>>>>

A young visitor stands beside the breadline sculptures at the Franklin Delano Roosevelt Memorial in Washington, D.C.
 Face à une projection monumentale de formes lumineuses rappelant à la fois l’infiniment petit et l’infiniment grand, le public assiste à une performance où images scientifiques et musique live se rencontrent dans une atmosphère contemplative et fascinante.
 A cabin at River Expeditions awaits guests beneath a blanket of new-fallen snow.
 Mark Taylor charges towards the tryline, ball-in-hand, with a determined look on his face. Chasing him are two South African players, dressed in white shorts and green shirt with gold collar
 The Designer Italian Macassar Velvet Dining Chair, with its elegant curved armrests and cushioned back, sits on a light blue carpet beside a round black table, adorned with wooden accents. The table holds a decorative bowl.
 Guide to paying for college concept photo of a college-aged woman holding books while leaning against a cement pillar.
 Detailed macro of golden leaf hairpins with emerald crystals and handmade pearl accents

<<<<

I'd like the records returned exactly as they were written, please.

## Answer to this task
A young visitor stands beside the breadline sculptures at the Franklin Delano Roosevelt Memorial in Washington, D.C.
 Face à une projection monumentale de formes lumineuses rappelant à la fois l’infiniment petit et l’infiniment grand, le public assiste à une performance où images scientifiques et musique live se rencontrent dans une atmosphère contemplative et fascinante.
 A cabin at River Expeditions awaits guests beneath a blanket of new-fallen snow.
 Mark Taylor charges towards the tryline, ball-in-hand, with a determined look on his face. Chasing him are two South African players, dressed in white shorts and green shirt with gold collar
 The Designer Italian Macassar Velvet Dining Chair, with its elegant curved armrests and cushioned back, sits on a light blue carpet beside a round black table, adorned with wooden accents. The table holds a decorative bowl.
 Guide to paying for college concept photo of a college-aged woman holding books while leaning against a cement pillar.
 Detailed macro of golden leaf hairpins with emerald crystals and handmade pearl accents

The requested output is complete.